Monday, January 25, 2010

Film Review: HOMICIDE (1991, David Mamet)

Stars: 5 of 5.
Running Time: 102 minutes.
Notable Cast or Crew: Joe Mantegna, Bill Macy, Ving Rhames, Rebecca Pidgeon, Ricky Jay.
Tag-line: "Powerful. Provacative. Controversial."
Best one-liner: "Don't die with a lie on your lips, homie."

As I watched HOMICIDE, I couldn't help but keep thinking of an exchange from Sergio Leone's FOR A FEW DOLLARS MORE: "It's a small world," remarks our steely hero, upon encountering an old nemesis. His enemy retorts, hissing- "Yesss... and very, very bad." HOMICIDE's world is nasty, brutish, short, and enveloped by grimy, 1950's-style municipal architecture. The station house is full of the same working class griping that characterized GLENGARRY GLEN ROSS: the job, the job, always about the job. Life is the job. Has the job changed or have the times changed? Fuck the job. Don't tell me how to do my job. It's Mamet doing what Mamet does best: Repetition. Con games. Insults. Sexualized insults. Racialized insults. Joe Mantegna is the eye of this storm. The film whirls around him, and as he spreads his sincerity too thin, he begins to whirl as well. (He also makes disquietingly frequent use of the exclamation, "Yo!," but I guess it was 1991, so it's okay.)

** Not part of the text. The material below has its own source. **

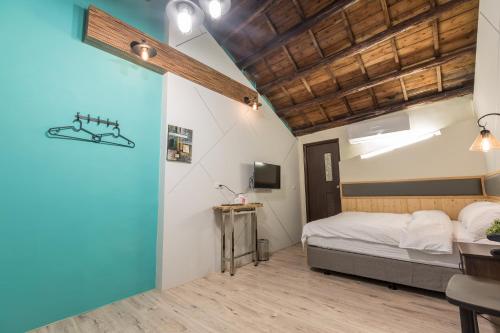 Cama o camas de una habitación en SeaRoad Homestay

Bill Macy is total hardass with a mean 'stache and a meaner shotgun. The man is no milquetoast, and everyone besides Mamet needs to relearn that fact. He makes observations like "Hey, you're better than an aquarium, you know that? There's somethin' happenin' with you every minute!" and dispenses aphorisms like "Let me tell ya somethin' the old whore said- when ya start comin' with the customers, it's time to quit."

God bless you, Bill Macy. I'm still waiting for you to be enshrined as a national treasure.

Now HOMICIDE is about returning to one's roots- or at least what you THINK your roots should be. Or maybe what someone else thinks your roots should be. Clearly there is no masturbatory feelgoodery at the end of this line- the embracing of the mother culture leads only to manipulation and chaos.

Or maybe chaos just would have happened anyway. You're looking for easy answers? The answers are easy- just assume that everyone's a piece of shit, and then go from there. Five stars.